*** Data to examine Section Begins ***
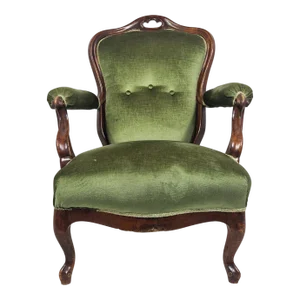 Louis Philippe Wooden Armchair, 1890s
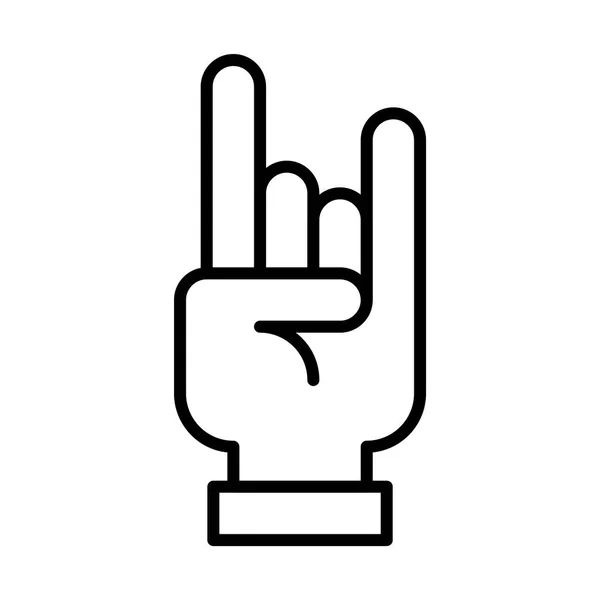 Rock & rulle ikonen — Stock vektor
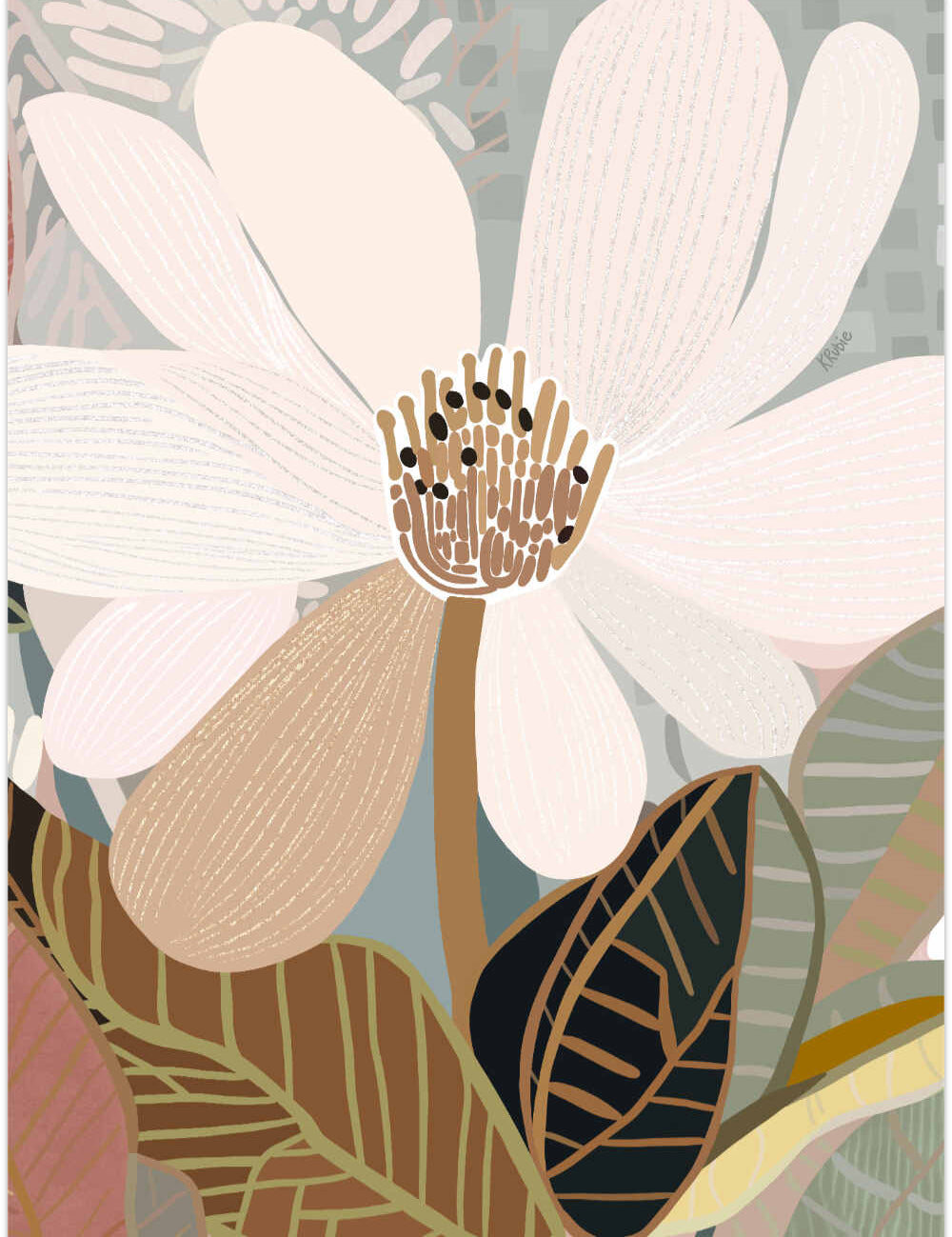 Magnolia No.2 - Rolled Canvas | Limited Edition Print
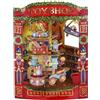 SANTORO Biglietto a Dondolo, Biglietto D'Auguri Pop-Up 3D di Natale - Negozio di Giocattoli di Natale - per Bambini, Famiglia, FESTIVITÀ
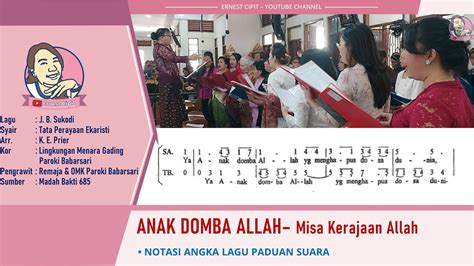 Lagu Ordinarium Gaya Jawa Anak Domba Allah Misa Kerajaan Allah Madah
*** Data to examine Section Ends ***
■ **Assigned task**
Please return the lines above exactly, with the pictures omitted.

■ **Written solution**
 Louis Philippe Wooden Armchair, 1890s
 Rock & rulle ikonen — Stock vektor
 Magnolia No.2 - Rolled Canvas | Limited Edition Print
 SANTORO Biglietto a Dondolo, Biglietto D'Auguri Pop-Up 3D di Natale - Negozio di Giocattoli di Natale - per Bambini, Famiglia, FESTIVITÀ
 Lagu Ordinarium Gaya Jawa Anak Domba Allah Misa Kerajaan Allah Madah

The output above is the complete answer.